Il report firmato da Raffo (nella foto a sinistra) è stato pubblicato quindici mesi prima del 17 gennaio 2011, data in cui l’Isvap decise di estendere «alle procedure che regolano le principali fasi del ciclo sinistri del ramo R.C. Auto» l’ispezione cominciata il 4 ottobre 2010 e inizialmente concentrata sul sistema di governo della società. Nel report, che conteggia il deficit di riserve a fine 2008, vengono delineati tre scenari: uno base, con un buco stimato per 400 milioni, e che ha come hanno di partenza il 2004; uno ottimistico, ma ritenuto poco prudente, che fa partire i conti dal 2005 e ipotizza un deficit di soli 106 milioni; e uno scenario molto negativo, che invece tira indietro le lancette al 2003. In quest’ultimo caso, il metodo utilizzato da Raffo portava a stimare una carenza di riserve di 138 milioni nel 2004, di 234 milioni nel 2005, di 52 milioni nel 2006, di 350 milioni nel 2007 e di 322 milioni nel 2008: il conto totale fa 1.096 milioni di euro. A pagina 8 del report, l’analista si dichiarava more comfortable con lo scenario base. Significativa, comunque, la precisione delle stime contenute nello scenario peggiore: il deficit stimato di 1.096 milioni si confronta con circa 1.170 milioni complessivi della rivalutazione delle riserve tecniche per i sinistri di vecchia generazione, che FonSai ha fatto emergere lentamente nei bilanci 2009-2011 (1.570 milioni totali meno 400 milioni attribuibili ai sinistri post-2008).

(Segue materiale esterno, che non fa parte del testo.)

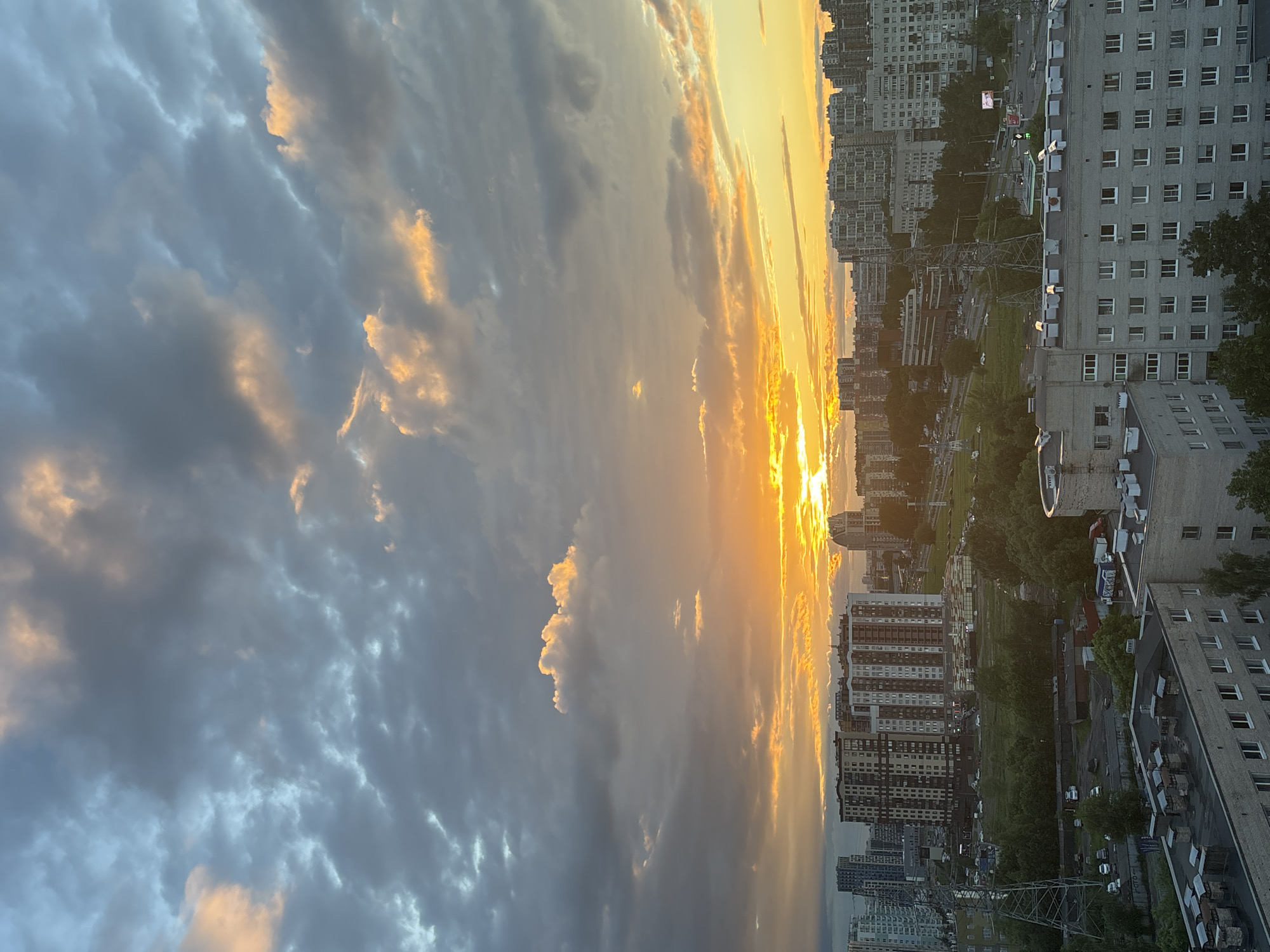 This is a high-angle shot of a city skyline at sunset. The sky is filled with a dramatic mix of dark gray and orange clouds, with the setting sun casting a bright, warm glow. Below the sky, numerous apartment buildings of varying heights and architectural styles dominate the cityscape. Some buildings are modern, with sleek facades, while others appear older and more utilitarian. Green trees and patches of grass are visible between and around the buildings, suggesting parks or unbuilt areas within the urban environment. Power lines and towers are also present, indicating the city's infrastructure. There are no people visible in the frame, and the scene appears to be one of urban development bathed in the atmospheric light of a sunset.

Il temaè lo stesso su cui si concentra l’inchiesta giudiziaria della Procura di Torino, che a carico di Giannini ipotizza il reato di falso in bilancio in concorso con gli amministratori di Fondiaria Sai. In un’intervista rilasciata al Sole 24 Ore lo scorso 13 aprile, Giannini respingeva come «velenose e strumentali» le critiche rivolte all’Isvap: «Come si può pensare – chiedeva retoricamente – che la nostra vigilanza possa riassumere e svolgere un ruolo di supplenza» di amministratori, sindaci, auditing interno, revisori? Giannini apriva in effetti una vasta questione. Ma le autorità di vigilanza esistono non per teorizzare ma per prendere provvedimenti.

Era dunque proprio impossibile capire che dentro Fondiaria Sai si fosse aperta una voragine nei conti? Per l’uomo della strada, certo. Ma l’Isvap gode di poteri di vigilanza e di possibilità di accesso agli atti che nessun investitore può avere. Il bello di tutta questa storia è che per trarre le sue conclusioni Raffo non ha avuto accesso ad alcuna informazione riservata. Non ne aveva il potere. Ha avuto però testa e volontà per offrire un servizio intellettualmente onesto ai clienti: e del resto Autonomous Research vive esclusivamente di questo. 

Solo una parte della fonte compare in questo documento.